WORK ITEM: Give back every line of the material exactly. Skip the pictures.

RECORDED INFORMATION:
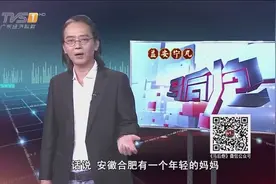 年轻妈妈户籍性别为“男性”更改户籍信息要求证明自己是“女性”视频封面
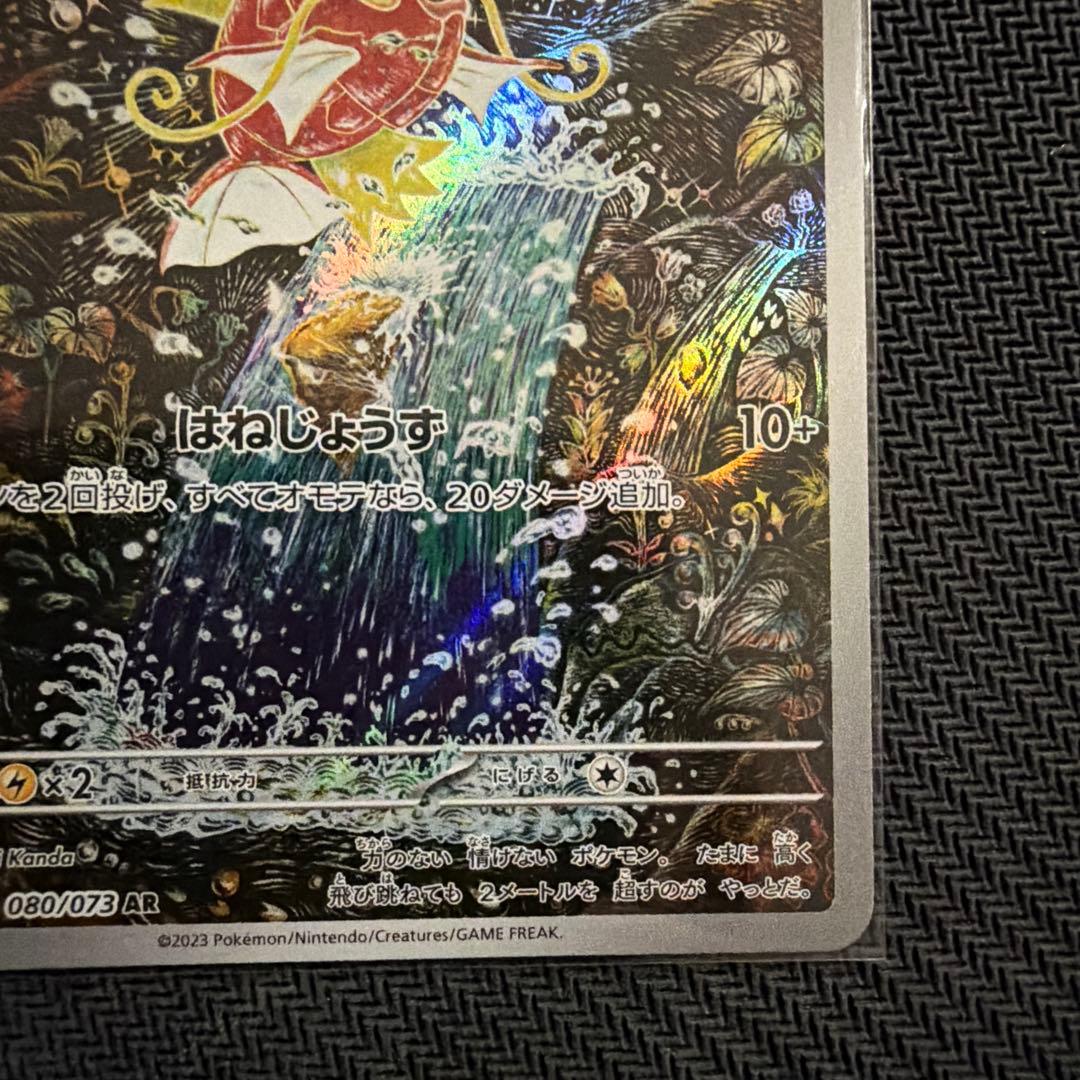 コイキング　ar トリプレットビート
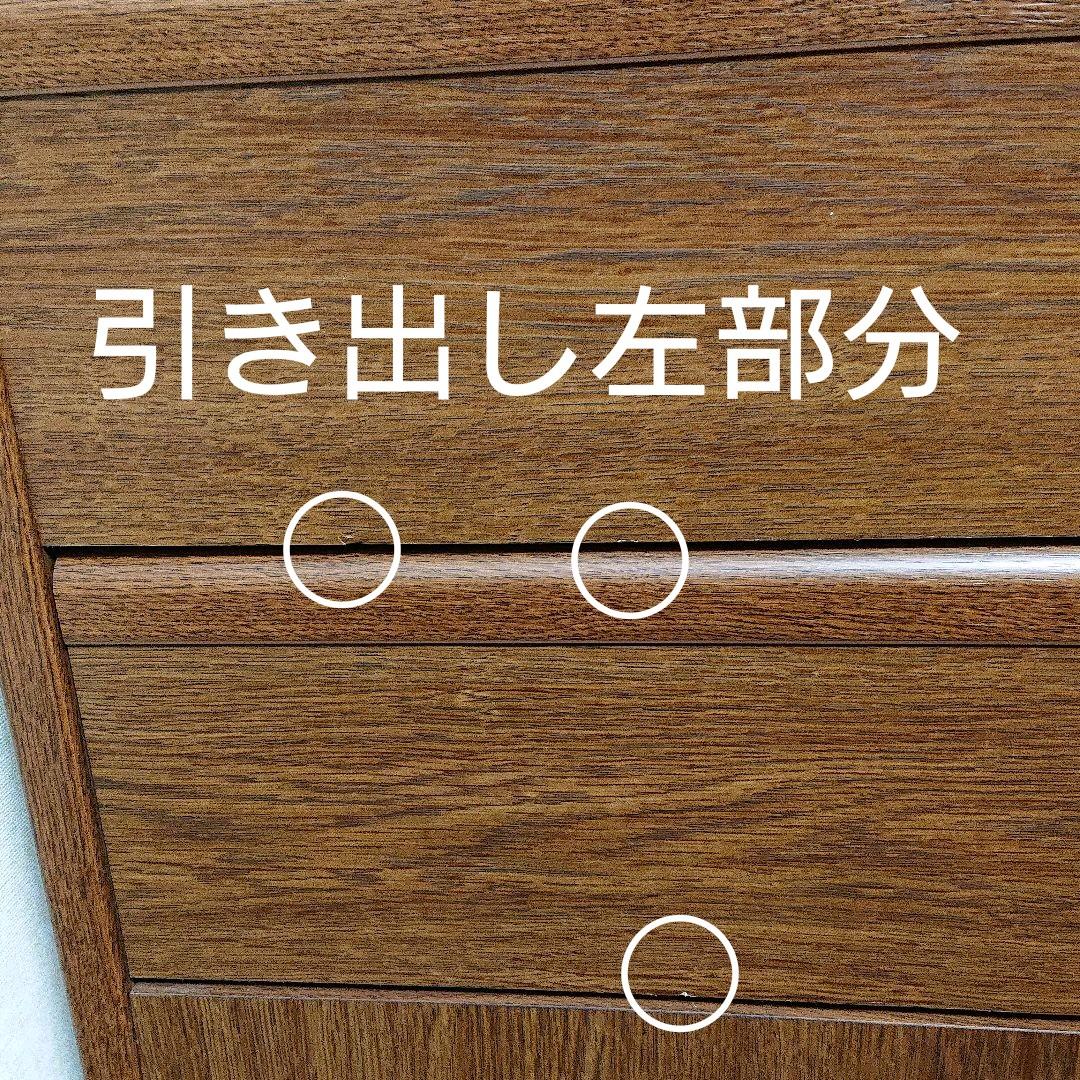 低価新品 食器棚 AqoQv-m77172515902 得価低価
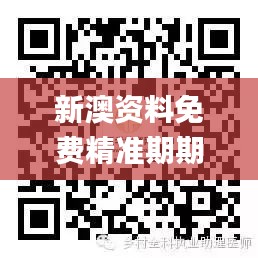 新澳资料免费精准期期准,最新动态解答方案_界面版72.218-6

TASK RESULT:
 年轻妈妈户籍性别为“男性”更改户籍信息要求证明自己是“女性”视频封面
 コイキング　ar トリプレットビート
 低価新品 食器棚 AqoQv-m77172515902 得価低価
 新澳资料免费精准期期准,最新动态解答方案_界面版72.218-6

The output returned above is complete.